# Can't get Tivo to respond to telnet or ftp



## bis (Jun 14, 2006)

I am trying to enable telnet and ftp on my Tivo, and AFAIK I've done everything I need to do, but it's not responding.

I have a Tivo-branded Series 2 DVR (the 60 GB version, but I've upgraded to 120), running kernel version 7.2.2b-oth-01-2-140.

Using the PTVupgrade CD, I've modified the kernel, and have verified that my changes to files in /etc/rc.d are not being removed. I added the following lines to rc.sysint.author (yes, I did make this file executable with "chmod 755"), and when that didn't work, I added them directly to the bottom of rc.sysinit (right before the last line that echos a message indicating that rc.sysinit is complete):

tnlited 23 /bin/bash -login &
/var/hack/tivoftpd.mips

(Yes, tivoftpd.mips is in /var/hack and is executable).

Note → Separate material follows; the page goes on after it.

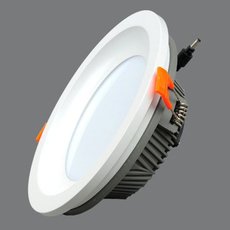 Точечный светильник с плафонами белого цвета Elvan VLS-5048R-16W-WW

Next, I tried adding "/sbin/" before tnlited, and I added the following line to disable the firewall:

[ -x /etc/netfilter-disable ] && /etc/netfilter-disable

I still can't telnet or ftp to the Tivo. It responds to ping, and it boots up and runs fine, but when I try to telnet I get "Could not open connection to host...", and when I try to ftp I get "ftp: connect :Unknown error number.

Does anyone have any ideas?

[Note: I'm following instructions in a guide called "How to hack your Tivo Series 2 (AT&T/Tivo/Comcast model) w/HMO to stream content to your computer". I tried to provide the URL but apparently I'm not allowed to, but if you google for "How to hack your Tivo Series 2" it will be the first hit.]


----------



## arctanstevo (Mar 28, 2003)

What is the model #? Some series 2 are not hackable in that manner, some are. Do a search for a list of hackable tivo's.

When you hooked the drive back up to your PC, were your changes to enable telnet still there?

I'm not familiar with the command you used to disable the firewall, I just remember renaming it oh so long ago.


----------



## MungoJerrie (Mar 30, 2006)

I believe newer sw versions require you to change iptables as opposed to just renaming netfilter. Try this:

cd to /sbin on mounted "root" partition
mv iptables iptables.old
echo -e '#!/bin/bash\nexit 0' > iptables
chmod 755 iptables

That ought to do the trick!


----------



## bis (Jun 14, 2006)

When I put the drive back in the PC, I can see that all my previous changes have been left intact, ever since I replaced the kernel with the hacked version from the PTVupgrade CD.

The model # is TCD140060. It's not a new model, I've had it for 4 years. Are you saying that some Series 2 are completely unhackable, even with killhdinitrd, and there's no way to get around it?? I haven't seen any mention that some Tivos are unhackable in any of the guides I've looked at, and I haven't been able to find any sort of list of which models are hackable, do you have any idea where I might find one? 

The command I used to disable the firewall was copied verbatim from the guide I mentioned, I really don't know what it's supposed to do. Maybe it doesn't work. You say that you renamed the firewall, maybe I should try that. Do you know what filename I should look for?


----------



## bis (Jun 14, 2006)

I tried what MungoJerrie suggested, but the Tivo didn't like that at all. It went into an infinite reboot cycle, crashing each time a few seconds after reaching the "Almost there. Just a few minutes more..." message. I had to change everything back.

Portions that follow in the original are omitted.